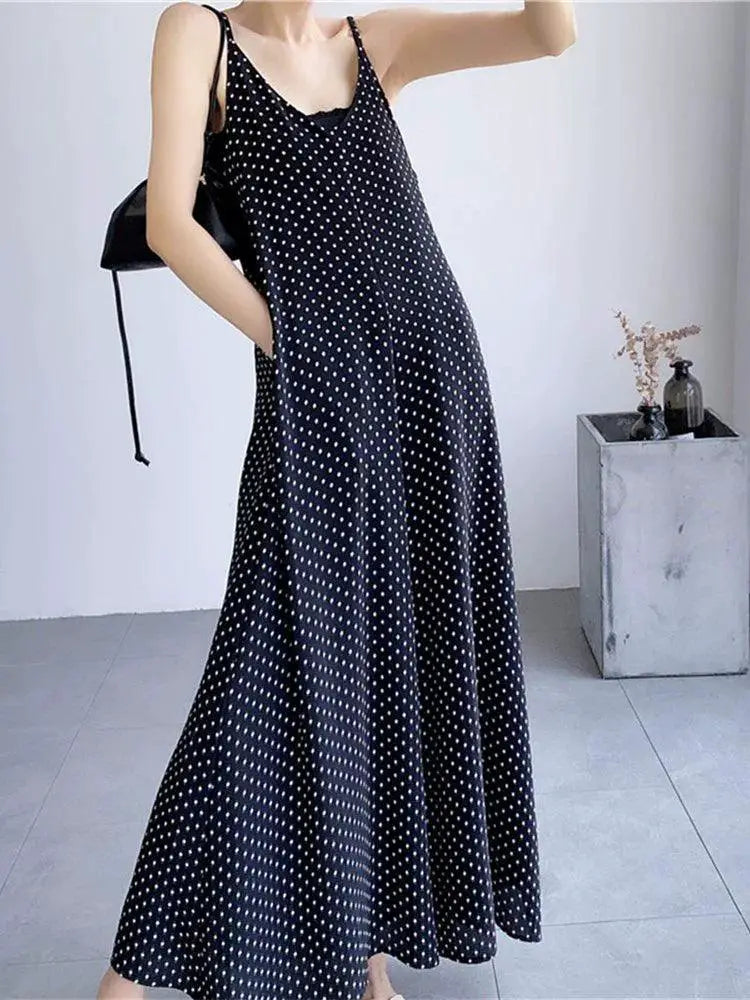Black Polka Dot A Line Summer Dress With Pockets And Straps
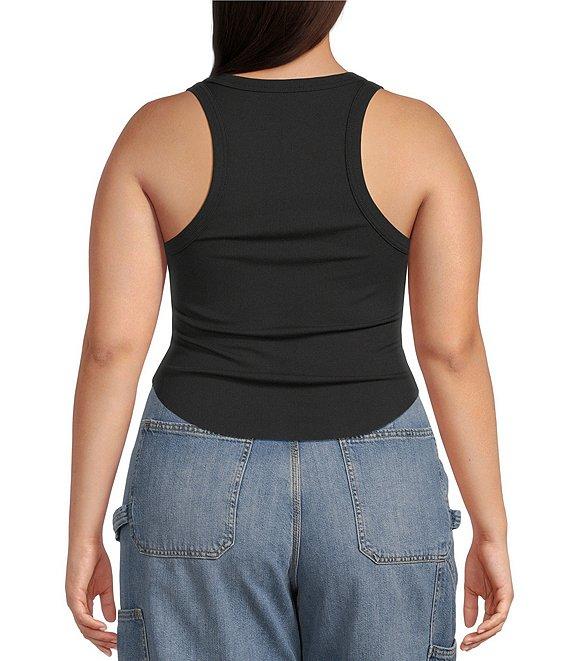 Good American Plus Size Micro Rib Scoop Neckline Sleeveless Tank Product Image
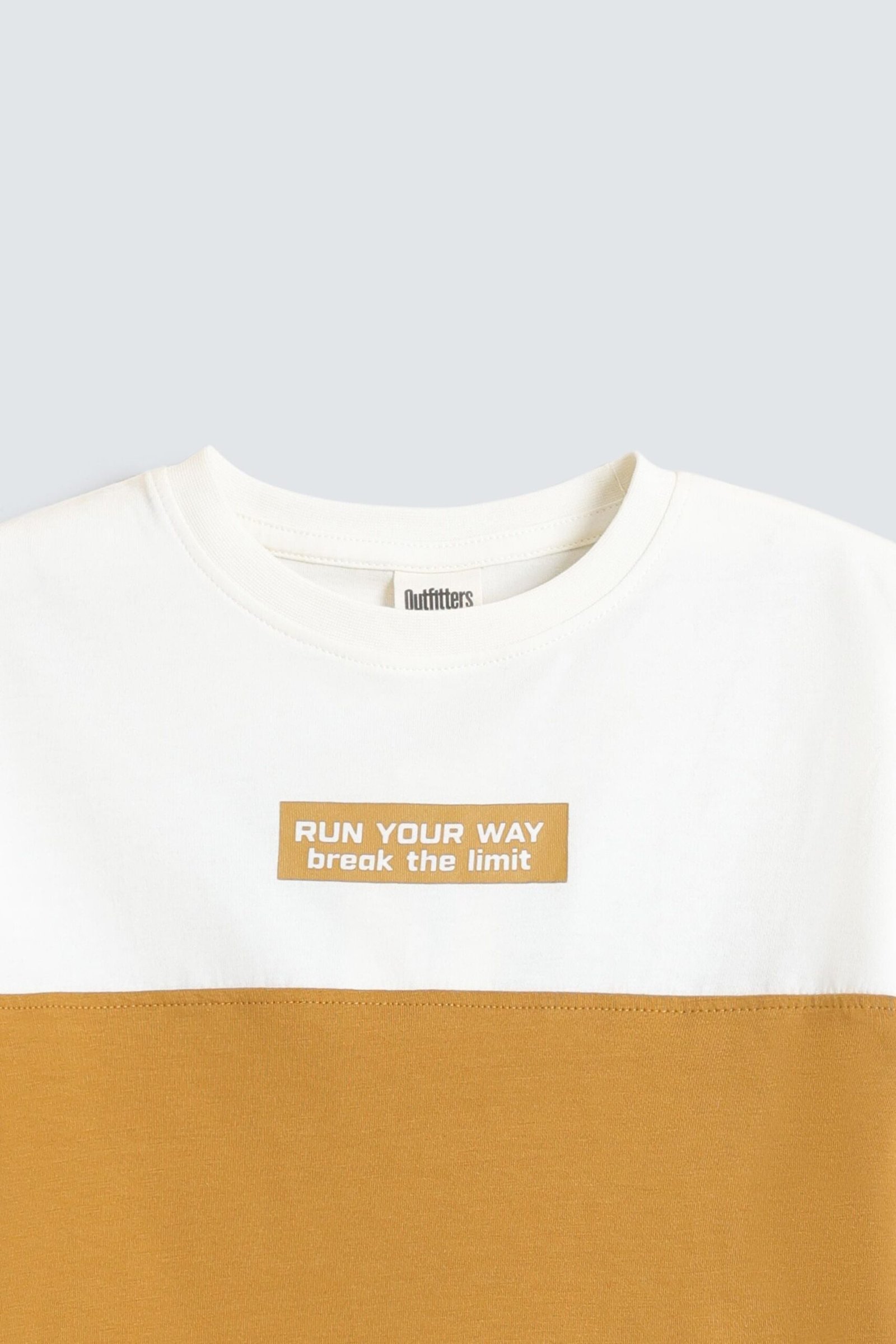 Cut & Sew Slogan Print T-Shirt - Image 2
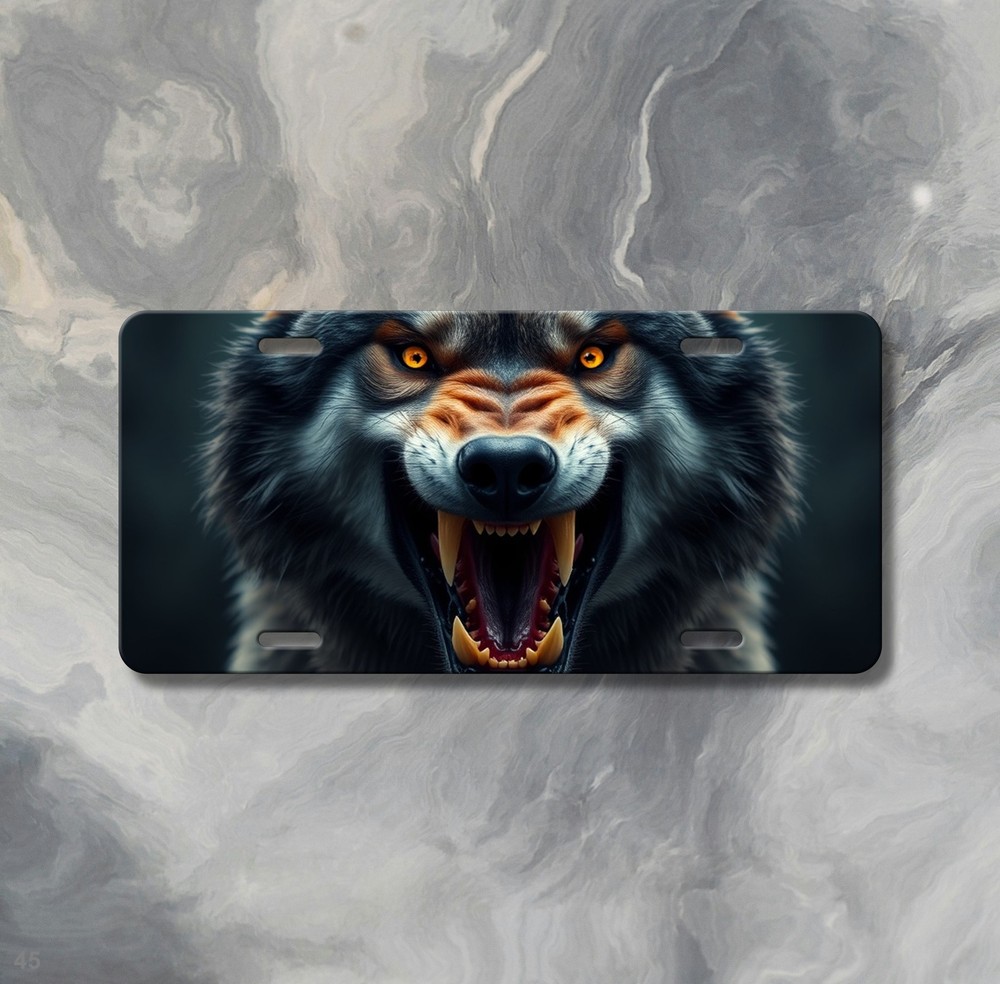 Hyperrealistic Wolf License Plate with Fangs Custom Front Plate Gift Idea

○ ○ ○

Every line above should be reproduced exactly, please, with no pictures included.

[Response box]
Black Polka Dot A Line Summer Dress With Pockets And Straps
 Good American Plus Size Micro Rib Scoop Neckline Sleeveless Tank Product Image
 Cut & Sew Slogan Print T-Shirt - Image 2
 Hyperrealistic Wolf License Plate with Fangs Custom Front Plate Gift Idea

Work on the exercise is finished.